La représentation qui est construite durant la lecture d’un texte scientifique est également interprétative, dans la mesure où interviennent dans cette construction les connaissances dont le lecteur dispose à propos du domaine traité. Le fait d’interpréter les informations textuelles sur la base de ses connaissances initiales, permet au lecteur de former un niveau de représentation plus riche et plus complexe : le modèle de situation (van Dijk & Kintsch, 1983). Le modèle de situation est défini comme la représentation mentale des individus, états et événements qu’évoque le texte. La notion de modèle de situation est centrale dans nos travaux de recherche, et ce pour deux raisons principales. D’une part, la construction d’un modèle de situation est indispensable lorsqu’il s’agit de traiter des notions scientifiques abstraites.

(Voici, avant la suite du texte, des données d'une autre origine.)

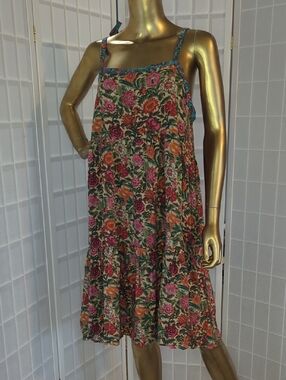 NATURAL LIFE Maddie Cream Floral Tank Dress with Pink & Orange Blooms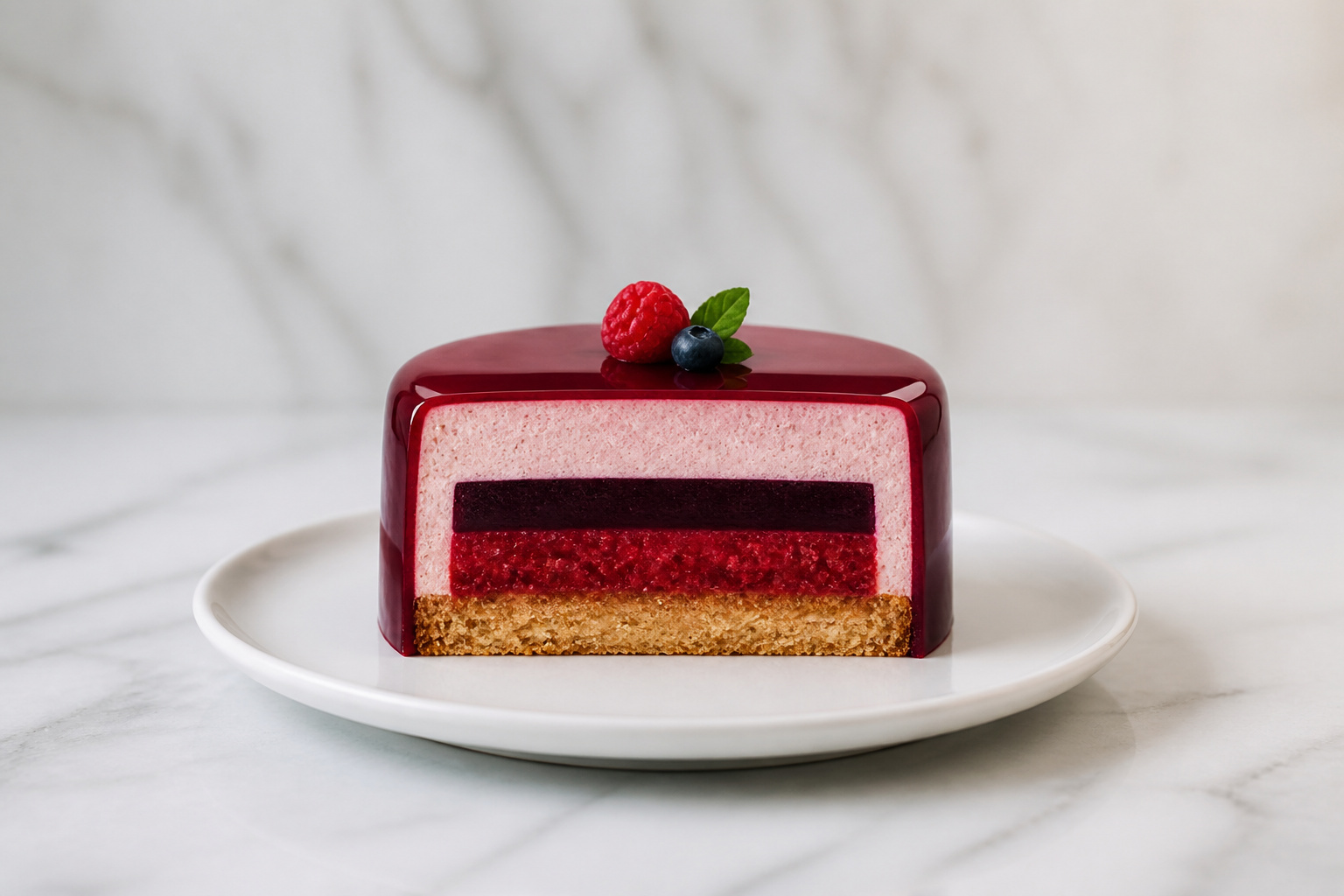 Entremet aux fruits rouges coupe parfaite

Du fait du caractère incrémentatif du modèle de situation (Garnham & Oakhill, 1993), le modèle qui est formé à un moment donné de la lecture sert de guide à l’intégration des informations subséquentes du texte. Il permet au lecteur de produire des inférences sur les relations fonctionnelles (temporo-causales) entre les entités d’un système complexe, de simuler mentalement la modification d’un état du système et les conséquences de cette modification. D’autre part, la construction du modèle de situation est indispensable lorsque l’objectif du lecteur est d’acquérir des connaissances nouvelles sur le domaine évoqué dans le texte. En effet, il est le résultat d’un processus d’intégration des informations apportées dans le texte aux connaissances initiales du lecteur (Kintsch, 1994). Les modèles récents qui décrivent le rôle des connaissances du lecteur dans la construction du modèle de situation au cours de la lecture, et que nous présentons dans la deuxième partie de ce chapitre, sont les modèles de Construction-Intégration (Kintsch, 1988, 1998) et Landscape (van den Broek & al., 1996). Ces deux modèles consistent en une approche connexionniste de la compréhension de textes selon laquelle les connaissances ne sont pas stockées de façon permanente dans des structures rigides (e.g., des schémas), mais sont générées sous la forme de patterns d’activation dans le contexte de la tâche pour laquelle elles sont requises.